Thread: Since some friends & colleagues have already started spreading the word and donating: On 9 November 2020, my home in Vienna was raided by special forces. Here is what happened in a short video https://t.co/d9QNiwIiKq
— Farid Hafez (@ferithafez) March 1, 2021
This week, the Austria-born and raised lecturer released a short film, After The Raid, providing details of his life, career and the encounter.
In the slickly produced video, images purport to show windows that were broken in the search, and a bullet that was left behind.
He describes the raid as “surreal” and says his daughter still has nightmares in which she sees Hafez being shot to death by police.
Austrian authorities have three years to investigate and bring formal charges against him.
The search warrant for the raid included his communication with the head of a local political party and his support for a school project involving a well-known Protestant professor and a Muslim woman.
Hafez said there was nothing controversial about his meeting or his support for the project, telling Al Jazeera he would “do it again”.
Islam under scrutiny in Austria
Hafez is the founder of the European Islamophobia Report, a yearly study that analyses 32 European countries.
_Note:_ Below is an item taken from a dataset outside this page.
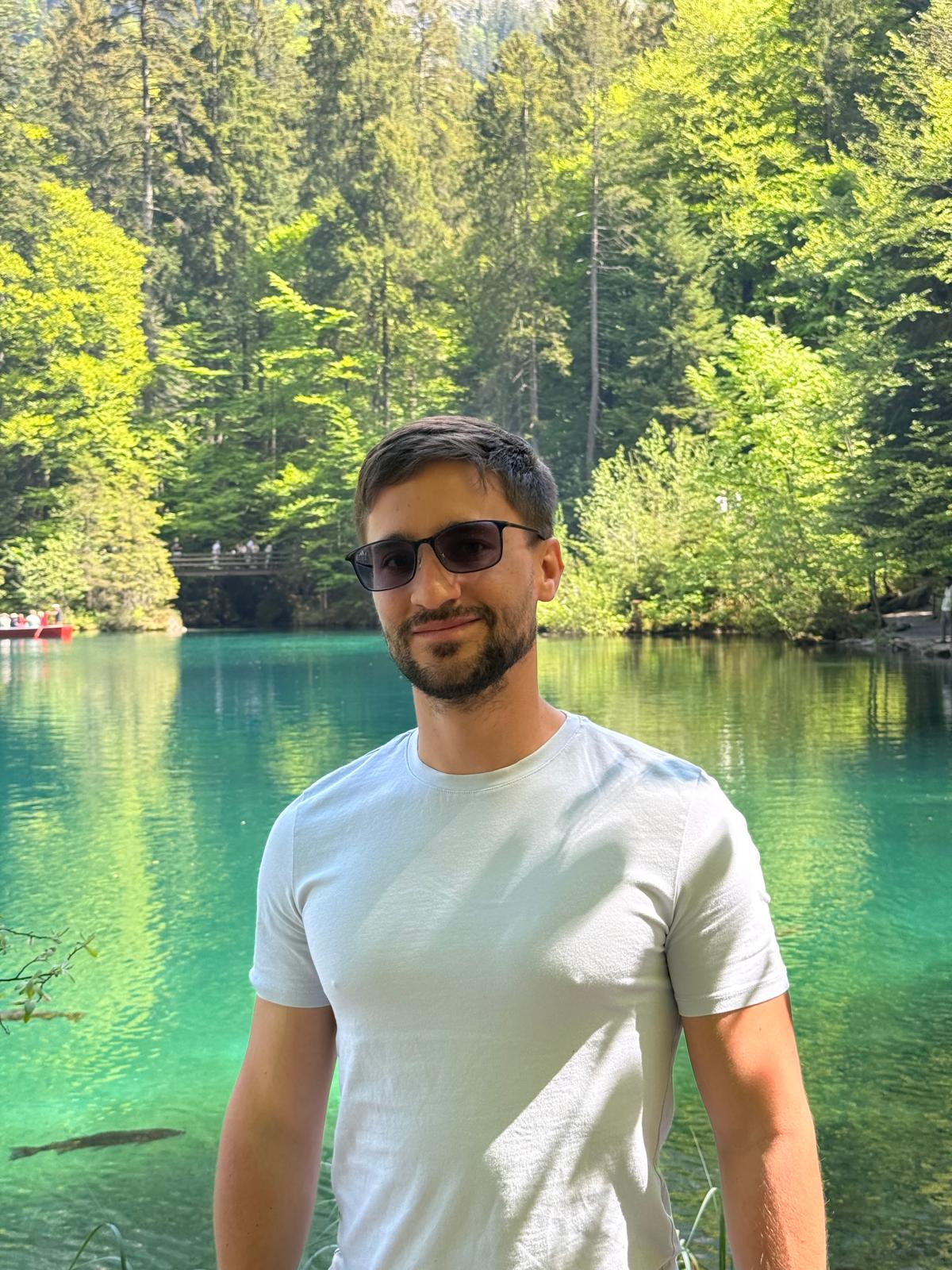 Alfonso beside a turquoise alpine lake surrounded by forest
He has criticised the conservative Austrian government, and has previously said Islamophobia is a dominant form of racism in Western democracies.
His case has raised concerns over Islamophobia, and led to a debate on social media after hundreds shared his story on Twitter.
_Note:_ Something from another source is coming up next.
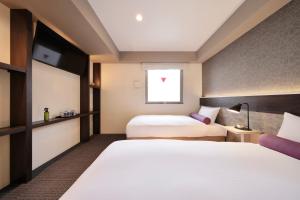 a hotel room with two beds and a window at Doutonbori Crystal Hotel Ⅱ in Osaka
“The Austrian government is attempting to intimidate, punish, and bankrupt one of the most prominent and visible Austrian Muslims in the country – and one of the government’s most outspoken critics – despite having nothing to charge him on,” Shadi Hamid, a senior fellow at Brookings, tweeted.
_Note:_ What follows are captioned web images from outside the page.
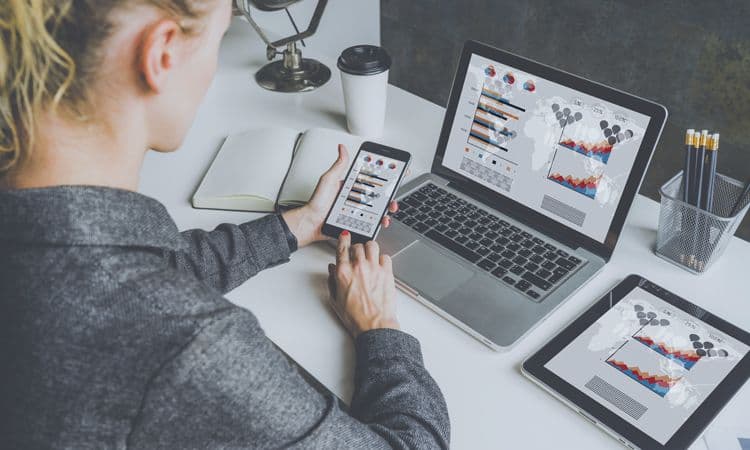 Digitale Auswertung von Lohndaten auf Laptop, Tablet und Smartphone Eine Lohnbuchhalterin betrachtet auf mehreren Geräten grafisch aufbereitete Lohndaten – auf Smartphone, Laptop und Tablet sind Diagramme und Karten sichtbar
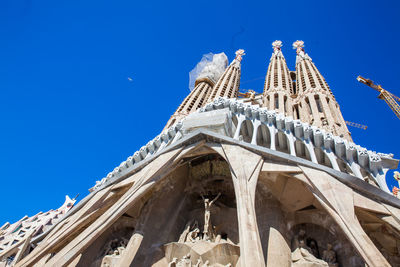 Low angle view of building against blue sky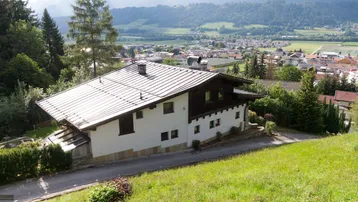Seitenansicht des Hauses mit weißer Fassade und dunklem Dach, umgeben von grünen Hügeln und einem Talblick.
Recently, Chancellor Sebastian Kurz has taken a hard line on what he calls “political Islam”, proposed to criminalise it – a move which would see a registry of imams created and mosques closed.
In 2017, Kurz played a key role as then-foreign and integration minister in seeing through Austria’s ban on the Muslim veil, or niqab.
After becoming chancellor later that year, his government introduced a headscarf ban in primary schools in 2019.
Austria’s Constitutional Court overturned the headscarf law, saying it discriminated against Muslims and would hinder “Muslim girls’ access to education”.
In the aftermath of the Vienna attack, Kurz said “Islamic extremism” not only “caused death and destruction”, but it also “wants to divide our society, and we will not allow this to happen”.
John Esposito, a professor at Georgetown University, told Al Jazeera that he saw Austria as a tolerant society towards all religions, but that perception has declined in recent years with the rise of the current government.
“Unfortunately what we are seeing is similar to the [Emmanuel] Macron government in France. Their approach to Islam and Muslims is one which seems to operate from a concern about extremism that winds up brushing ordinary and prominent members of the Muslim community [in Austria],” Esposito noted.
Macron came under intense criticism last year for saying Islam was “in crisis” across the world, as he advocated for a controversial law curbing “Islamist separatism”.
Hafez is a senior researcher at Georgetown’s Bridge Initiative – a research project on Islamophobia of which Esposito is the founding director.
“Farid is a prominent international scholar. I have seen him in action,” Esposito said, adding that Georgetown had hired him based on his “significant corpus” of work.
“If something [the raid] like this can happen to him, a successful and mainstream citizen, it raises questions … what is happening here?
“We will see this issue not only raised by the many academics professionally, but it could mushroom where more people will publicly speak out and inform their respective governments.”